Duke Energy is building a microgrid facility, which is a self-contained power system that has the ability to both create and store energy, a Duke Energy news release said.
The goal is to locate battery systems near places that could make the best use of the energy during a power outage, which is why Duke is working with the Indiana National Guard for the microgrid to be built on a military base, said Zak Kuznar, director of business development for Duke Energy.
The storage system, and another proposed in Clark County, would be the first two major ones that Duke Energy will have in Indiana, he said.
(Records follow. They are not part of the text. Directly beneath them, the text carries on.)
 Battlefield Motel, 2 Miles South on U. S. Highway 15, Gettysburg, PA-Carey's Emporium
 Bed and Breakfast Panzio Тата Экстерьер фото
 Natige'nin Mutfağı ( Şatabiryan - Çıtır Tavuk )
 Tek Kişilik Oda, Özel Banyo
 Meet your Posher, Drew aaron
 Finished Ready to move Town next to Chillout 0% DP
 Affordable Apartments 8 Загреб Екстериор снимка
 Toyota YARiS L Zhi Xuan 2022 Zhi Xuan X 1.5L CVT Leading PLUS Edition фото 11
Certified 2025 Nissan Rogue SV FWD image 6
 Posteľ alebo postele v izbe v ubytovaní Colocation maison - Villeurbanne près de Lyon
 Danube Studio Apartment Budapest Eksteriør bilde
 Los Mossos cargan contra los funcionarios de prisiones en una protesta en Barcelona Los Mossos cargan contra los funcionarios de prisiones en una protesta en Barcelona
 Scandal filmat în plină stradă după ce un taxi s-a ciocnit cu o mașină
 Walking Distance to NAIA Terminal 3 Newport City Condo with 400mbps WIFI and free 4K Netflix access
Duke Energy has spent the past six years researching energy storage, and has now begun building these systems across the Midwest, Kuznar said.
The facility, on about 50 acres of land near the Camp Atterbury entrance between County Road 800S and Edinburgh Road, would include a solar panel field capable of generating 2 megawatts of power, which could power about 2,000 homes, and a battery system capable of storing 5 megawatt hours of power, the release said.
The Indiana Utility Regulatory Commission will need to approve the project, a process which could take as long as nine months, he said. Should the project be approved, construction of the microgrid would begin toward the end of 2018 and be complete in 2019, Kuznar said.
The energy generated and stored at the microgrid will be used to help power homes and businesses served by Duke Energy all over the state, just like energy generated by the company’s coal and natural gas power plants, Kuznar said.
The benefit of the battery storage systems is that they allow Duke Energy to better manage electric output and generation between periods of heavy and light usage, making the overall system more efficient, he said. Research and development of battery storage is an essential part of making renewable energy, such as solar, more viable, as solar power is only available for portions of the day, Kuznar said.
In the case of a power outage, the energy stored in the battery system will be used solely by Camp Atterbury, he said.
“Camp Atterbury, the Indiana National Guard and Duke Energy have worked together on several mutually beneficial projects over the years,” Col. John Silva, Camp Atterbury’s commanding officer, said in a news release. “This proposed project will increase our strategic value and give us the ability to continue our mission-critical operations in the unlikely event of a large grid outage.”
The cost of the project hasn’t been finalized yet, but will be in the next several weeks, Kuznar said. The Indiana National Guard will be leasing the land to Duke Energy in exchange for getting the backup electricity.